The Colonel snorted. “Because I don’t think the sun shines out of Saint Bea’s ass. I don’t have any time for her peace and love nonsense. I’m a killer, boy. Bloody good at it too. Joined the marines as soon as I was able and never looked back. Never wanted anything else.”
“You seem to have had an impressive career, Colonel,” said Owen, indicating the medal ribbons.
“Bet your ass, boy. I fought in every campaign of note for the past thirty years. Killed men and aliens on a hundred worlds, first to advance and last to retreat, and loved every minute of it. No regrets, no bad dreams, no stirrings of conscience in the wee hours. Mother Bea never could understand that, and for a Saint she’s remarkably unforgiving to anyone who won’t toe the party line. She wants me to make confession, say I’m sorry and make my peace with God. Well, I’m not sorry, and I won’t say I was, and when I finally get to stand before God, I’ll look him right in the eye and say,
You made me a killer. I just did what you made me to do. Now, where’s the next enemy?

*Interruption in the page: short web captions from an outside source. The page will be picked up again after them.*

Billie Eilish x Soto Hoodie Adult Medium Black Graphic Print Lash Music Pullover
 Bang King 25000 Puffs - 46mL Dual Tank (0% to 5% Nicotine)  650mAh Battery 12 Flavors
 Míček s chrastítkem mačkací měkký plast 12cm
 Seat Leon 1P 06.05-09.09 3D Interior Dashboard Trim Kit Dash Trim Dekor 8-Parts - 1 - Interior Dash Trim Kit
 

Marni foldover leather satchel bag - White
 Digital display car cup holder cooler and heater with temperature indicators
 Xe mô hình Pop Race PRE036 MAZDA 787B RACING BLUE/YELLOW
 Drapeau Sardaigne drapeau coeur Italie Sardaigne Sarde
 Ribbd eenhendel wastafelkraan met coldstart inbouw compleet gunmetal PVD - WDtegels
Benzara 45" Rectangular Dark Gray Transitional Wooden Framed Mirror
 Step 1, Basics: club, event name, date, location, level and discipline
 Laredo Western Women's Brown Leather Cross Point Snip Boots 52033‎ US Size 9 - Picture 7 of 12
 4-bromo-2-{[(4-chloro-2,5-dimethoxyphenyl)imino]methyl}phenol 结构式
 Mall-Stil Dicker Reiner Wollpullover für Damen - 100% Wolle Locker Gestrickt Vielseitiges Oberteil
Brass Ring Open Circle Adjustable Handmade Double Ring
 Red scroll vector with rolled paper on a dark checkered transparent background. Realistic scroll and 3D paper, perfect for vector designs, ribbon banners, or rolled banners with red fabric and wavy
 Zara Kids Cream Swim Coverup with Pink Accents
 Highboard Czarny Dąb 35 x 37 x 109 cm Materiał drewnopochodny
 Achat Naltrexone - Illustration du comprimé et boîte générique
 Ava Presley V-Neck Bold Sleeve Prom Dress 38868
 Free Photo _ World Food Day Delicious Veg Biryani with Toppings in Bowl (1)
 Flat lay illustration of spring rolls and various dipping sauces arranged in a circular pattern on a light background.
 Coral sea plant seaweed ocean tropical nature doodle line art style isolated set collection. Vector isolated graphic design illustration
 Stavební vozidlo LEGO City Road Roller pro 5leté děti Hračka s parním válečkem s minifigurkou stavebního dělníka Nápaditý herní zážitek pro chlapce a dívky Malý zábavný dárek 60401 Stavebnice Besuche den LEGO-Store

He laughed shortly, rooting around in the ruined half of his nose with a fingertip. “I was one of the best, but they still sent me here the moment I was diagnosed. I’m not bitter. Not really. But it came hard at the time, to give up my career for this shit-hole. Ironic, really. All the battles I fought, all the odds I beat, and in the end it wasn’t a sword or an energy blast that got me, just a stupid mindless disease, killing me by inches. Not at all how I expected to die.”
“You never expected to die,” said Otto. “You thought you were so special you’d live forever.”
“Maybe,” said the Colonel. He looked at Owen. “Don’t suppose you brought any cigars with you? No, of course not. Just as well, filthy habit anyway. But it’s one of the few things I do miss. . . . I missed the rebellion, you know. Biggest bloody war in the history of the Empire, and I never got to fight in it. Shame. I would have liked to test myself against the Deathstalker and his crew. They would have been worthy adversaries. Still, Empress or Parliament, it makes no difference in the end. Neither one is going to let us off this planet.”
“No one cares about us,” said Otto. “They’re ashamed of us. We have no place in their bright new shining Empire.” He sniffed wetly and rubbed his nose with the back of his hand. “ I was gengineered like this, in case you were wondering, by my parents. They ran a traveling circus, and since hunchbacked dwarves don’t tend to occur naturally anymore, they made one of their own. I was one of the stars of the show. Audiences loved to come and pity me from a safe distance. But no one ever asked me what I wanted. What my dreams were. So the minute I hit sixteen, I went straight to the nearest recruiting office and signed on. I was supposed to be a mascot, but I quickly demonstrated such a natural aptitude for killing people that I got upgraded to full service inside a year. Never looked back.”
“We fought side by side in a hundred battles,” said the Colonel. “Nasty little man. Very good with a gutting knife. And when I came here, he came with me. He didn’t have leprosy then. A good friend, but dumb as shit.”
“True,” said Otto. “Very true.”
“Thank God for the Hadenmen. They gave us purpose again. At least now I have a real enemy to vent my spleen on. And a chance to die a warrior’s death instead of rotting away, day after day. And best of all, after months of open disapproval for my past wicked ways, Saint Bea had to come to me to help train her people how to fight. Must have stuck in her craw something fierce, but she did it. Came and asked us right in front of everybody.”